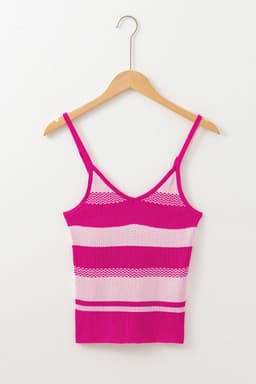 image-Red Stripe V-Neck Sweater Vest - Spaghetti Straps - Slim Fit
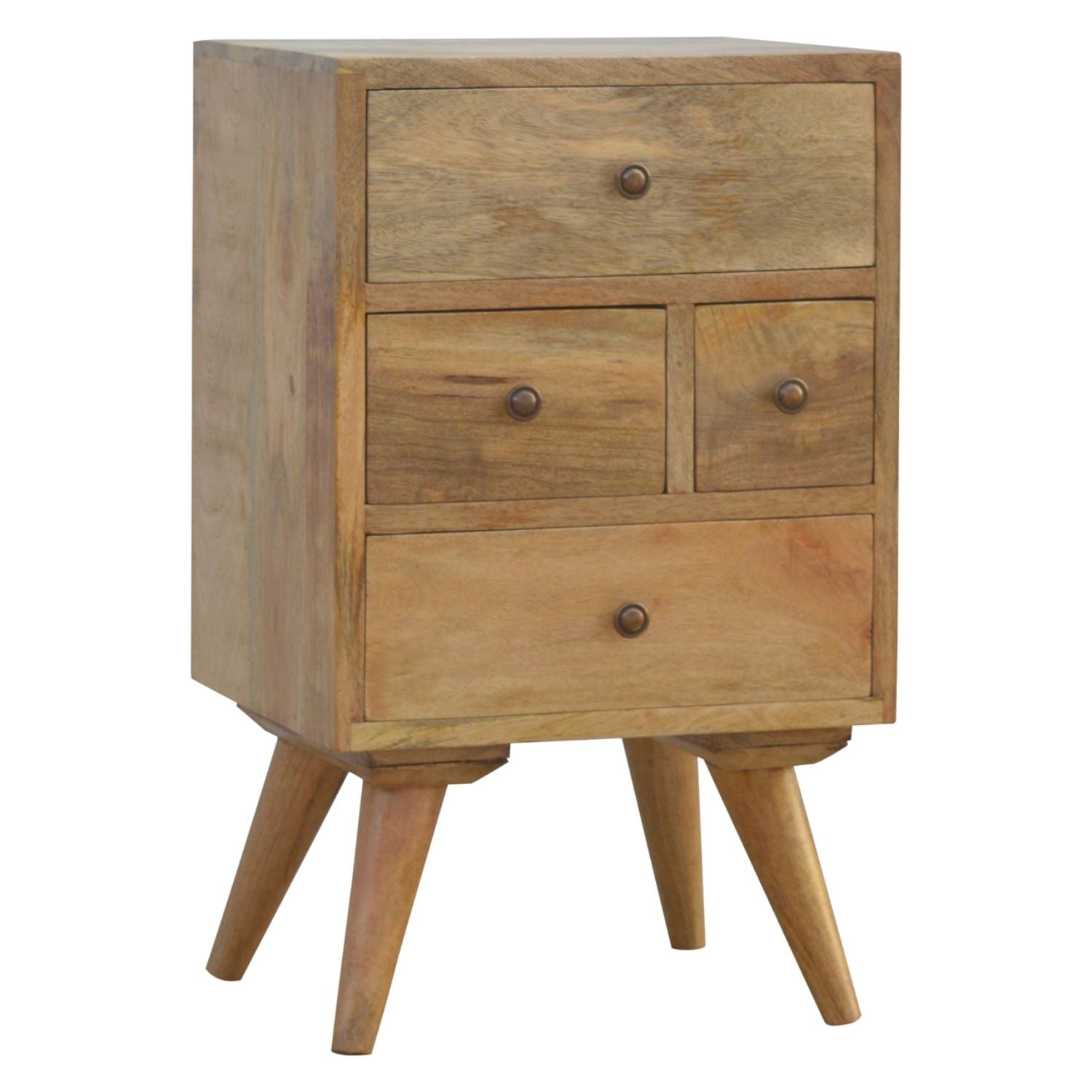 Nordic Style 4 Drawer Multi Nightstand - Oak
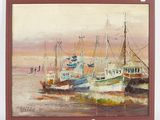 un tableau représentant un groupe de bateaux amarrés sur l'eau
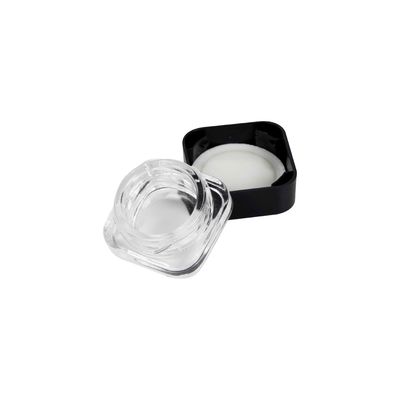 Tarro de vidrio transparente de 5 ml tapa a prueba de niños Tarro cuadrado tarro concentrado envasado con tapa a prueba de niños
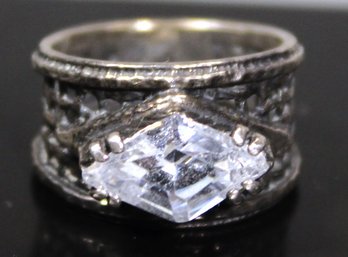 Wide Band Sterling Silver Woven Design CZ Ladies Ring Size 6.5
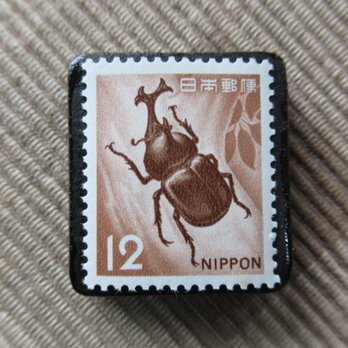 日本 カブトムシ切手ブローチ6265の画像
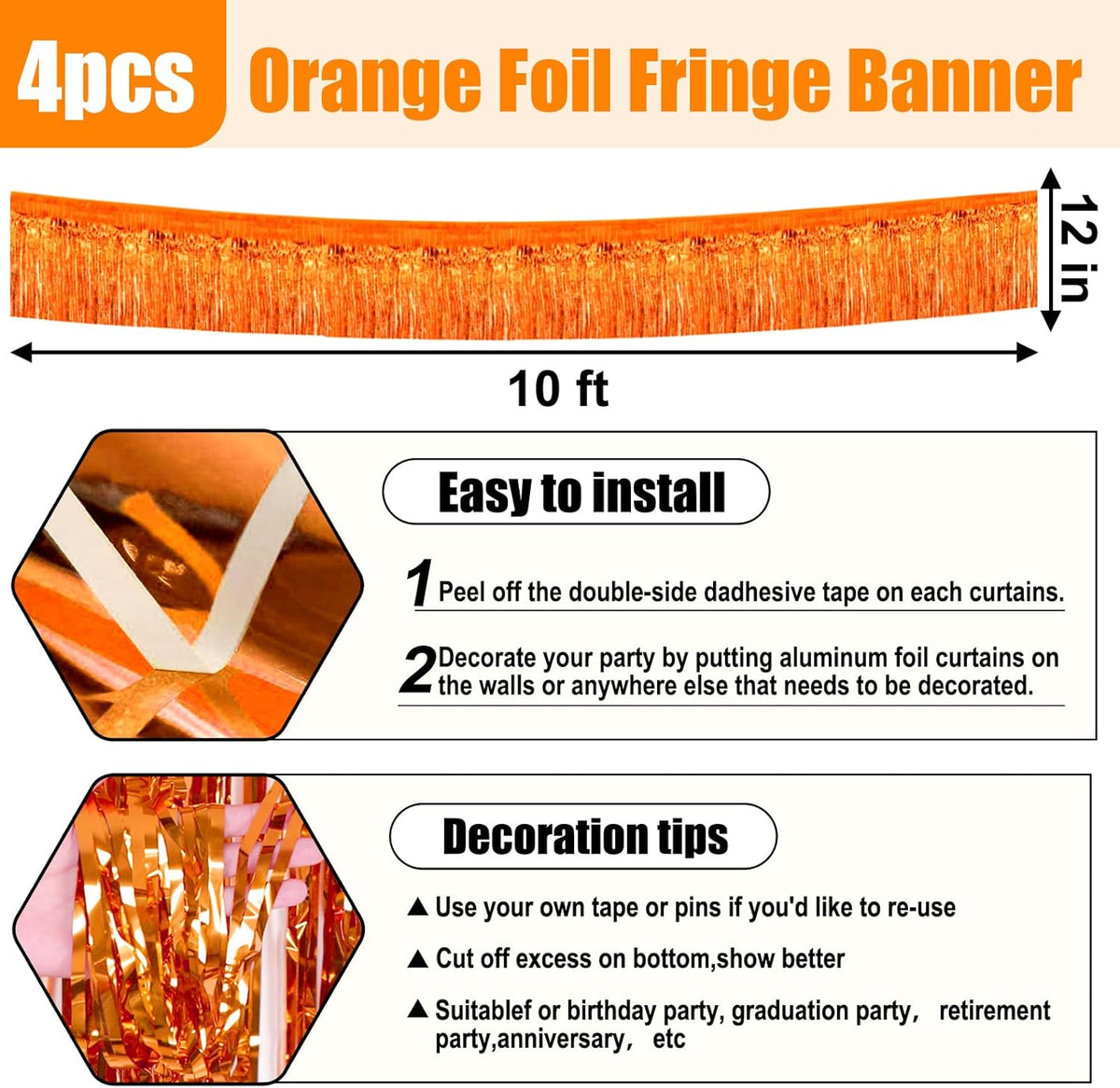 4 Pack 10 Feet Orange Foil Fringe Garland Metallic Tinsel Streamers Banner Wall Hanging Curtain Backdrop for Parade Floats, Wedding, Graduate, Mother's Day, Birthday Party Decoration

• [TRY IT]: Starting at the line that holds "Nordic Style 4 Drawer Multi Nightstand - Oak" and stopping at the last line of the listing above, write out each line exactly as it appears, and omit the pictures.

• [WRITTEN RESPONSE]:
 Nordic Style 4 Drawer Multi Nightstand - Oak
 un tableau représentant un groupe de bateaux amarrés sur l'eau
 Tarro de vidrio transparente de 5 ml tapa a prueba de niños Tarro cuadrado tarro concentrado envasado con tapa a prueba de niños
 Wide Band Sterling Silver Woven Design CZ Ladies Ring Size 6.5
 日本 カブトムシ切手ブローチ6265の画像
 4 Pack 10 Feet Orange Foil Fringe Garland Metallic Tinsel Streamers Banner Wall Hanging Curtain Backdrop for Parade Floats, Wedding, Graduate, Mother's Day, Birthday Party Decoration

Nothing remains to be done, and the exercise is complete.